No thanks to Vince: Clegg wins Lib Dem backing for coalition’s austerity drive

Nick Clegg has won his party's renewed support for the coalition's austerity drive, after rebels calling for a "rebalanced" economic policy were roundly defeated.

It followed a morning of media attention on business secretary Vince Cable's decision to absent himself from the debate, after a reported disagreement between him and Clegg.

Cable arrived for the second half of the debate, in time to see the party leader win applause from delegates for his defence of the coalition's uncompromising approach towards deficit reduction.

"Please be careful for what you wish for," Clegg said in his contribution to the debate.

"If we start messing about with the big goalposts we've stuck in the ground… we will destroy jobs and decrease prosperity."

Under pressure from the conference chair to wrap up his comments, he concluded: "The only people who will welcome what we do today are George Osborne and Ed Balls. You were brave last year – be brave again."

Delegates gathered at the conference hall in Glasgow then voted as Clegg had asked them to.

Liberal Democrat deputy leader Simon Hughes refused to back Clegg's lead on the rebel amendments calling for councils to be able to borrow more to fund housing, however.

Clegg's victory over grassroots party members linked to the left-of-centre Social Liberal Forum will strengthen the impression he is the strongest of the three mainstream party leaders this conference season.

But speculation over Cable's dissent could undermine that view.

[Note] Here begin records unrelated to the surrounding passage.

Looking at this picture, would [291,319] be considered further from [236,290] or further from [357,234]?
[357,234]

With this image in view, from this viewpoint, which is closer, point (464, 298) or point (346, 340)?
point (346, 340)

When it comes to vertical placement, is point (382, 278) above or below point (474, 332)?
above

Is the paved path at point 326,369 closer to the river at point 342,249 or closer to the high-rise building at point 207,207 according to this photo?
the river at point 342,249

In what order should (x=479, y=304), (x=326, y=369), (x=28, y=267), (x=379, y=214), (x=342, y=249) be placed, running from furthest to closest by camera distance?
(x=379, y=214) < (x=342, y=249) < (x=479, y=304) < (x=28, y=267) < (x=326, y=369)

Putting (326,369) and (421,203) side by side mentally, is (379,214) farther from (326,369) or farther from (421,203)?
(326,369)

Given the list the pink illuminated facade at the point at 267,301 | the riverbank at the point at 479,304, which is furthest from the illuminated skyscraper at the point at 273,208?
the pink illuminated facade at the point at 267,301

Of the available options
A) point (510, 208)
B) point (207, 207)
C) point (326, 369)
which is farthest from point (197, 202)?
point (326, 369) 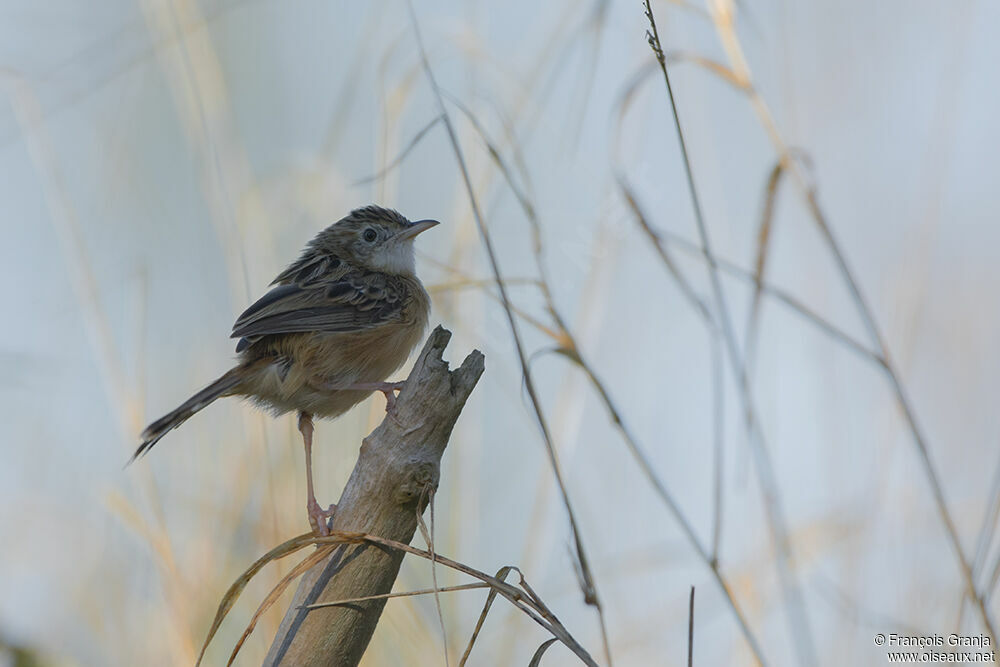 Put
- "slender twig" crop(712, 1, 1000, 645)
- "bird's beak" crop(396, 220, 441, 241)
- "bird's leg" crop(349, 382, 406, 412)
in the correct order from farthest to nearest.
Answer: "bird's beak" crop(396, 220, 441, 241), "bird's leg" crop(349, 382, 406, 412), "slender twig" crop(712, 1, 1000, 645)

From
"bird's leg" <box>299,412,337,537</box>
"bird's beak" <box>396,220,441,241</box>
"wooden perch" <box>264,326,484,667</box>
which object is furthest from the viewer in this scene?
"bird's beak" <box>396,220,441,241</box>

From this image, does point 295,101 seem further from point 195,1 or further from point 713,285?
point 713,285

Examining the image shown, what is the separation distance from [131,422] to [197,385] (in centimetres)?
152

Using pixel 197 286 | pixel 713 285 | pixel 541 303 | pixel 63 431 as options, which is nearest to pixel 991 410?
pixel 713 285

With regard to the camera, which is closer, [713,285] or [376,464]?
[376,464]

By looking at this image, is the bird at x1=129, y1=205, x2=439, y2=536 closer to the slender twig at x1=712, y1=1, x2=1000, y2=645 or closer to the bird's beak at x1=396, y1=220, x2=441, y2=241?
the bird's beak at x1=396, y1=220, x2=441, y2=241

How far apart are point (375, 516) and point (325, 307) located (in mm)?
2212

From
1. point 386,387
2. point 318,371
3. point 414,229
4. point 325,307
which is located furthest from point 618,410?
point 414,229

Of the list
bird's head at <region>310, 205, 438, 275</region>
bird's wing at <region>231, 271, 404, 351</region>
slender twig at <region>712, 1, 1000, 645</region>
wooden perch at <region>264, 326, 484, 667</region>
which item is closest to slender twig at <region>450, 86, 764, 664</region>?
slender twig at <region>712, 1, 1000, 645</region>

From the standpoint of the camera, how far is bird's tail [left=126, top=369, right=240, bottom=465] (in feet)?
11.8

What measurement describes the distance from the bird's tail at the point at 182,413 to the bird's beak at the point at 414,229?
1564mm

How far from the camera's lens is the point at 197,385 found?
5863 millimetres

The business secretary is understood to have called on Clegg to water down party policy on the economy.

The deputy prime minister refused, setting the stage for a high stakes gamble that he would win the debate by taking the unusual step of speaking in it himself.

This morning Clegg played down the row over Cable's absence as a "storm in a teacup".

"I am the leader of the Liberal Democrats," he declared on the Today programme.

"I don't run a boot camp. I don't tell people when they have to turn up to meetings."

Aides of the business secretary had earlier suggested Cable was not attending the debate because he is spending the morning preparing for his speech to conference. He appeared about an hour after the debate started at 11:00 BST.

Cable did nothing in his speech to reduce the impression he is the leader of the Lib Dems' centre-left, reminding delegates he used to campaign for Labour and launching into a vicious attack against the Conservatives' "dog-whistle politics".

An unsuccessful grassroots uprising

The debate against the Lib Dem leadership's determination to stick with the coalition's austerity agenda was led by Naomi Smith and Gareth Epps, who had tabled amendments arguing for the coalition's approach to deficit reduction to be "rebalanced to give greater support for measures that raise employment and growth".

That assessment was rejected but Clegg backed their calls for "increased capital investment in people, business and infrastructure", a shift towards "robust regional economies" and a further shift in "the burden of fiscal consolidation" towards the wealthy.

Many party activists believe the Lib Dems would perform better at the next general election if it is seen to be trying to dilute the strictness of its approach to the economy.

The SLF's director, Prateek Buch, argued Clegg was ignoring "persistently high unemployment", high housing costs hitting living standards and a continued dependence on the City for economic growth.

"We should strive to raise investment and median wages up to and after the next election," Buch wrote in an article for the Independent newspaper before the vote.

"This means giving ourselves the tools – fiscal, monetary and structural – to bring about an economic recovery driven less by house prices and consumer debt, more by green investment and housebuilding."

Unlike other mainstream political parties in Britain, the Lib Dems give conference delegates a say in deciding their stance on a range of issues.

While leaders have suffered defeats in the past it is rare for the party leader to actually speak – raising the stakes for Clegg in a vote which it was critical for him to win.

Despite his victory the Lib Dem leader faces difficult midterm poll numbers.

A poll for the Independent newspaper by YouGov suggests 36% of Lib Dem voters believe the party has changed for the worse since 2010. That compares to just 20% who think it has got better.